• **Prompt**
Restate all the lines below word for word, but omit the pictures.

• **Stored data**

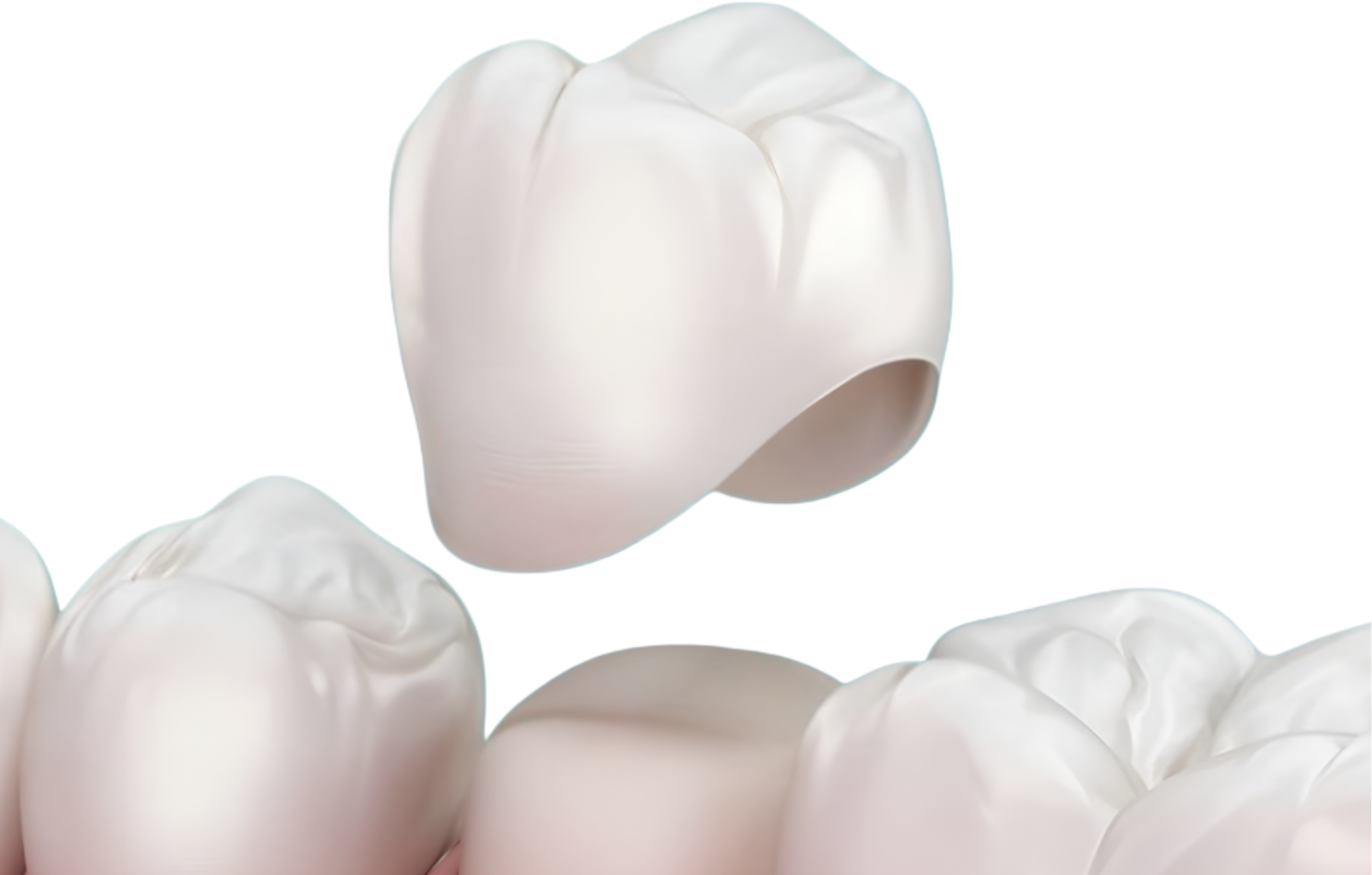 Close-up of several white, irregularly shaped objects that resemble ceramic or plastic artifacts, with one prominent object in the center that appears to be a smooth, rounded sculpture or model.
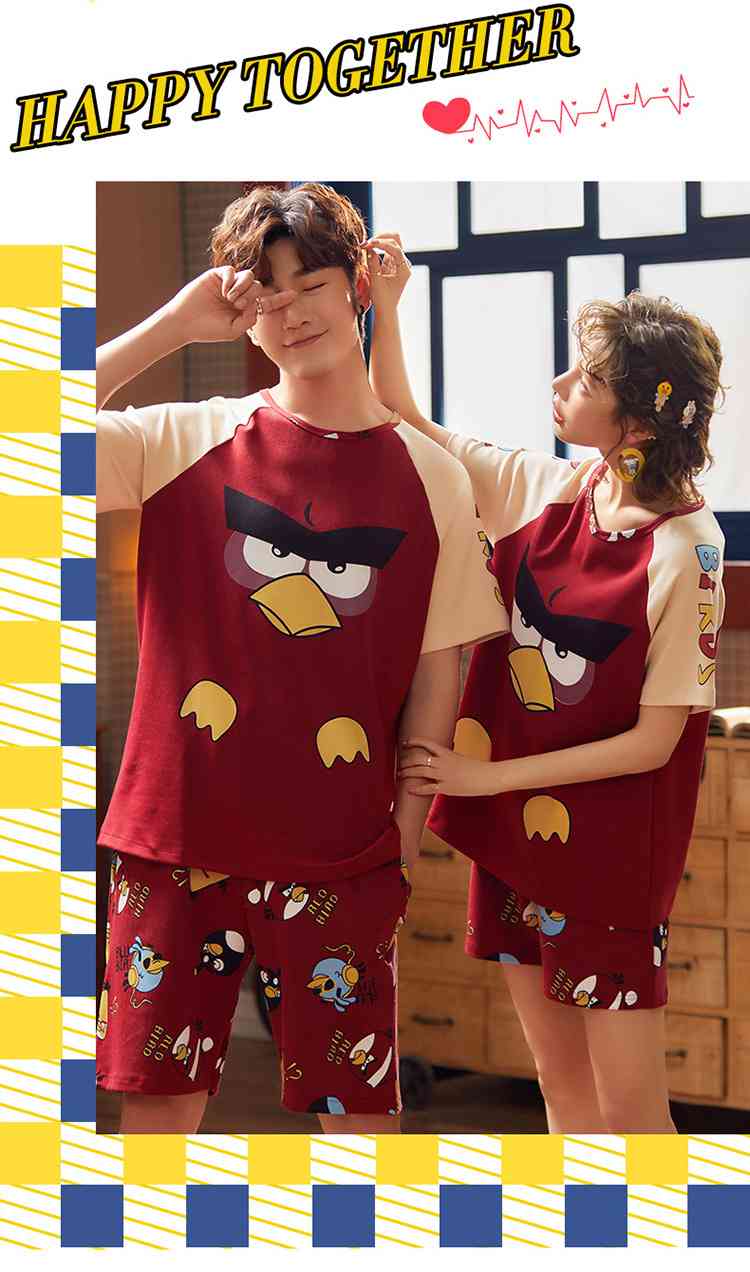 Summer Short-sleeved Korean Fashion Hedging Knitted Cotton Couple Home Clothes can be worn outside on sale 5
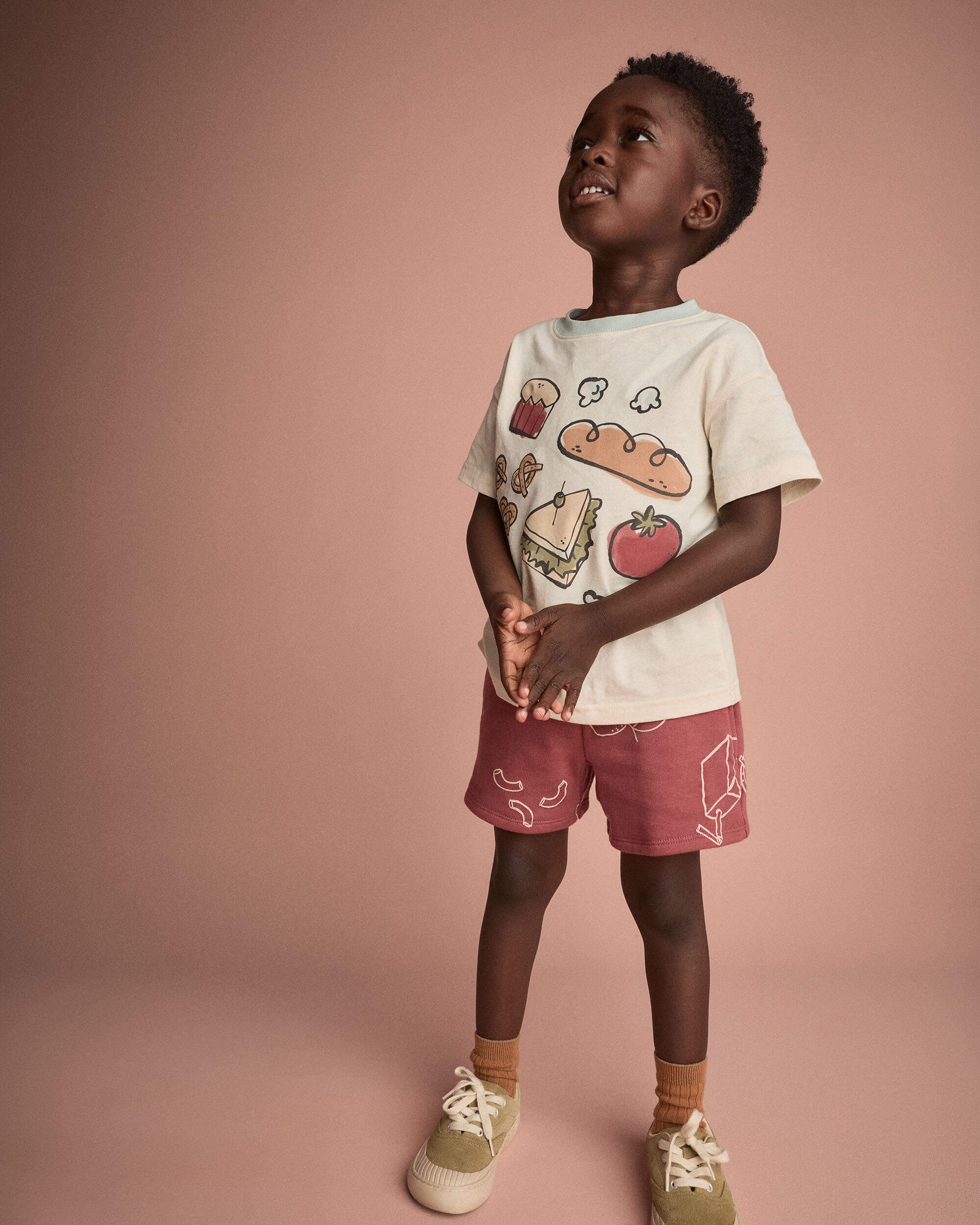 Toddler Happy Tummy' Relaxed Tee Food Print - Cream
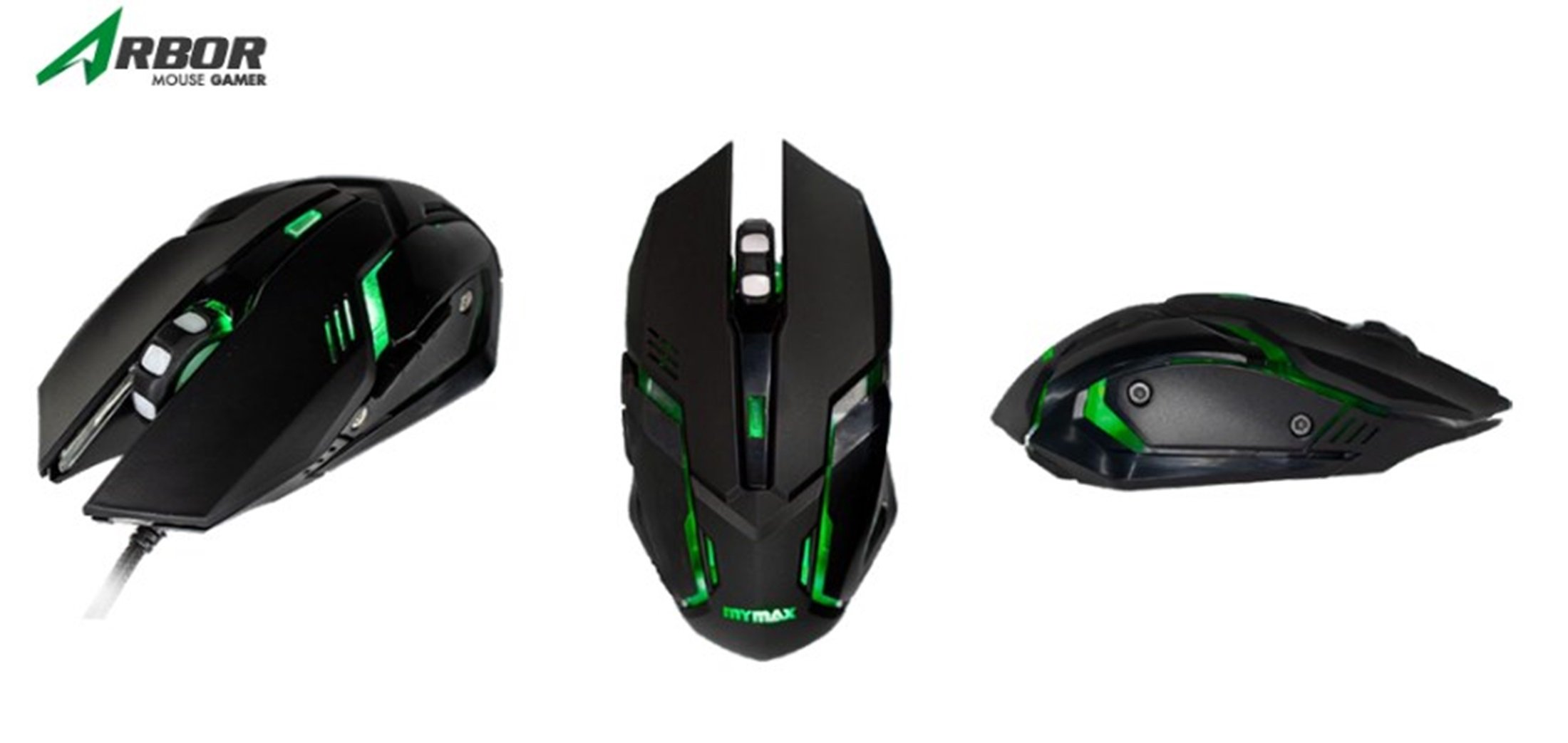 Mouse Gamer Mymax Arbor 2400 DPI com Led Verde(OPM-ARBOR/GR) - 2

• **Solution to this problem**
 Close-up of several white, irregularly shaped objects that resemble ceramic or plastic artifacts, with one prominent object in the center that appears to be a smooth, rounded sculpture or model.
 Summer Short-sleeved Korean Fashion Hedging Knitted Cotton Couple Home Clothes can be worn outside on sale 5
 Toddler Happy Tummy' Relaxed Tee Food Print - Cream
 Mouse Gamer Mymax Arbor 2400 DPI com Led Verde(OPM-ARBOR/GR) - 2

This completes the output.